Dans la cause pour la Dame de Boudeville <T. IV. p. 354>, M. Cochin vouloit écarter & faire rejetter la preuve testimoniale qu’offroit la partie adverse. On lui objectoit que cette nature de preuve étoit la premiere & la plus ancienne. L’habile Avocat ne s’amuse point à contester le fait de l’antiquité : il le suppose ; & il en tire une conséquence toute contraire à celle que l’on prétendoit en tirer contre lui, « Si la proposition étoit exacte, dit-il, la seule conséquence que l’on en pourroit tirer, est qu’elle (la preuve testimoniale) ne subsiste plus ; & qu’il n’est plus permis d’y avoir recours. » Il prouve cette conséquence, & la met dans le plus beau jour. « Avant que les Etats, ajoute-t-il, fussent disciplinés par des loix, dont de profondes réflexions ont fait sentir la nécessité, on pouvoit admettre arbitrairement toute sorte de preuves, [t. II, p. 221] & la preuve testimoniale comme les autres : la police publique n’étoit point encore perfectionnée : on marchoit, pour ainsi dire, au hasard. Mais l’expérience ayant fait connoître combien il étoit dangereux d’y mettre sa confiance, on leur a substitué des preuves d’une autre nature, des preuves écrites, des registres publics, plus propres à fixer l’état des hommes. C’est donc à ce dernier genre de preuves qu’il faut se réduire, sans être touché de l’antiquité des autres, puisque ce caractere ne sert qu’à faire connoître qu’on a été obligé de les abroger. » L’Orateur, en accordant aux adversaires ce qu’ils avancent, sert bien mieux sa cause, que s’il eût entrepris de nier le fait. Il le tourne contre eux, & il en déduit la preuve de sa proposition fondamentale.
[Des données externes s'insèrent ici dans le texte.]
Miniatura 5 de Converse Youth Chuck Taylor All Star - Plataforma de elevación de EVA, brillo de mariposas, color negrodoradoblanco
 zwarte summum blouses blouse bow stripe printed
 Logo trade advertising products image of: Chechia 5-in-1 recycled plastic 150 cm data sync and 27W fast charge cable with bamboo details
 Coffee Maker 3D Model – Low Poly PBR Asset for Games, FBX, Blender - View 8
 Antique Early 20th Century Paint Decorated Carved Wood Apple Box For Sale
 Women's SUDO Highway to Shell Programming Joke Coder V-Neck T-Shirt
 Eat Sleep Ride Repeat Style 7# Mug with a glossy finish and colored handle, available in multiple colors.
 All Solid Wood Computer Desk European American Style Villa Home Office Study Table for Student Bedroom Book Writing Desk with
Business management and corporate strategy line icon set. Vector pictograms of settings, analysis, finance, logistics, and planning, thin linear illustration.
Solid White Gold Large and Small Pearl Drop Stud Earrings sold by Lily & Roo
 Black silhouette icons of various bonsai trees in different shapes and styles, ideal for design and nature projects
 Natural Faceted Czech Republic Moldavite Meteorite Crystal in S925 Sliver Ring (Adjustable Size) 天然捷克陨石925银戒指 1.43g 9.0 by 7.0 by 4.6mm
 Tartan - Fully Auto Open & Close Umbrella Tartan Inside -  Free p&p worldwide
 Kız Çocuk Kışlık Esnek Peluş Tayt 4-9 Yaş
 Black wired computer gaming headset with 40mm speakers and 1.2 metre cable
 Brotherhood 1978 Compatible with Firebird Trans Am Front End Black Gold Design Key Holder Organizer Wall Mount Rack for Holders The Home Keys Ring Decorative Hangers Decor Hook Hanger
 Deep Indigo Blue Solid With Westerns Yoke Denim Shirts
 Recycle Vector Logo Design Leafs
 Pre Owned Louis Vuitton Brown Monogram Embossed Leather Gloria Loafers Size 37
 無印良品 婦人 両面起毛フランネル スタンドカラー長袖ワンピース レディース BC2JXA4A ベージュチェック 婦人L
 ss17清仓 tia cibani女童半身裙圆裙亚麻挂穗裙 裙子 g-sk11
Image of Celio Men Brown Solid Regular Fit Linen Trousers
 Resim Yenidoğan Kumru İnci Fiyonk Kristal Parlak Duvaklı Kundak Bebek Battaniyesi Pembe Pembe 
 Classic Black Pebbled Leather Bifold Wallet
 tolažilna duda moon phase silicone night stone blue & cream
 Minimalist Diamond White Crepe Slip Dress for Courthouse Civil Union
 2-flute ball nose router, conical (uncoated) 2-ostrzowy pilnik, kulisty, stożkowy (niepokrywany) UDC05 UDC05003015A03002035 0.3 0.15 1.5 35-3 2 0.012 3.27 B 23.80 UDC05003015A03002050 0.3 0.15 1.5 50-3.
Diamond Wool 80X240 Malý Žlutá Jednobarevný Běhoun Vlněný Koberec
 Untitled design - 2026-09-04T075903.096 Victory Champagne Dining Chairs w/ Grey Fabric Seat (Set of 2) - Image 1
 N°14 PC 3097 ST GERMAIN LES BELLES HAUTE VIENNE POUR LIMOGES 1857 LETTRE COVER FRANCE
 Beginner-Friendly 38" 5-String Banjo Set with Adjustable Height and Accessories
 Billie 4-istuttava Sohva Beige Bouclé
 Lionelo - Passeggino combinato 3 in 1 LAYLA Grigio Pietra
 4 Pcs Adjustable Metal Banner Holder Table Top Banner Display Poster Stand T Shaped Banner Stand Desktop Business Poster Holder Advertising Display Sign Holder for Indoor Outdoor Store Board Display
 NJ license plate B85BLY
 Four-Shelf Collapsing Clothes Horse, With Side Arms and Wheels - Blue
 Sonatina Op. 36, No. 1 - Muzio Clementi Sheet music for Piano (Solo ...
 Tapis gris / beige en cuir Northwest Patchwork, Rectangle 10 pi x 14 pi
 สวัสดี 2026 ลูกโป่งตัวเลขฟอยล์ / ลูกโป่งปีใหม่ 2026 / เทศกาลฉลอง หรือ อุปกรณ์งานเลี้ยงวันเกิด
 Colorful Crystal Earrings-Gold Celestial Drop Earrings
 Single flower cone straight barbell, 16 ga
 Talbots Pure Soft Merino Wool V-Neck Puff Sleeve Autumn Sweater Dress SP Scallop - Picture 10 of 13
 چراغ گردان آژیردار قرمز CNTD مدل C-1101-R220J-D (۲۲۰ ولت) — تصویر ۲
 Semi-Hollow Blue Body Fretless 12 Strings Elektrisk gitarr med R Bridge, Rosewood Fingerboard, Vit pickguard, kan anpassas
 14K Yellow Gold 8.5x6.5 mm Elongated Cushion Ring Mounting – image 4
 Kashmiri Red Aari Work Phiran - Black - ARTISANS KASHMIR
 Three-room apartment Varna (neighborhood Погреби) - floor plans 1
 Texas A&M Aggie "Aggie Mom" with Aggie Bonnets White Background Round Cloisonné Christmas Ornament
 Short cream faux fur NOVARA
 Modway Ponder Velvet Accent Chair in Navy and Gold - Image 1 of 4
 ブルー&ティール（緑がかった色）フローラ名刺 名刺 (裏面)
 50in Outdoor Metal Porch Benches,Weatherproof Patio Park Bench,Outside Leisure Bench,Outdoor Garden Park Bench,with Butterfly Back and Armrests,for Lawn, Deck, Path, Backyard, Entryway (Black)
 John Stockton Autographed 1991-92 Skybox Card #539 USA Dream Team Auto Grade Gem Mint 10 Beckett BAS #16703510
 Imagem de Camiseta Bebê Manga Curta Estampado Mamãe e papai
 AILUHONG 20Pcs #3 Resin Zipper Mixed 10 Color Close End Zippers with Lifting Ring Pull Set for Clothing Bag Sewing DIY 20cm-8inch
< Manchette : Pour exciter l'indignation & la pitié.>
La Concession, mise dans la bouche du foible opprimé, est tout-à-fait propre à exciter l’indignation contre l’oppresseur. C’est le cas où se trouvoit Sextus Roscius, à qui Chrysogonus affranchi de Sylla, avoit déjà ôté les biens, & qu’il faisoit poursuivre encore, comme coupable de parricide, [t. II, p. 222] pour parvenir à le priver de la vie. Cicéron, qui défendoit la cause de l’innocent persécuté <Pro Sext. Rosc. n. 145>, le fait parler ainsi à son cruel persécuteur. « Vous possédez mes terres, & moi je suis réduit à implorer la compassion d’autrui pour pouvoir vivre : j’y consens, & parce que la moderation est dans mon caractere, & parce que la nécessité m’y contraint. Ma maison vous est ouverte, & l’entrée m’en est interdite. Je prends patience. Mes esclaves en grand nombre sont employés à faire vos volontés ; & moi je n’en ai pas un pour me servir. Je ne m’en plains point. Mais que voulez-vous de plus ? Pourquoi me poursuivez-vous encore ? Pourquoi vous acharnez-vous sur moi ? Quel est le brigand si féroce, le corsaire si barbare, qui veuille ensanglanter sa proie, lorsqu’il peut l’avoir toute entiere sans verser le sang ? » Le consentement de l’opprimé à souffrir l’injustice augmente infiniment & la pitié pour lui-même, & l’indignation contre son avide & impitoyable ennemi.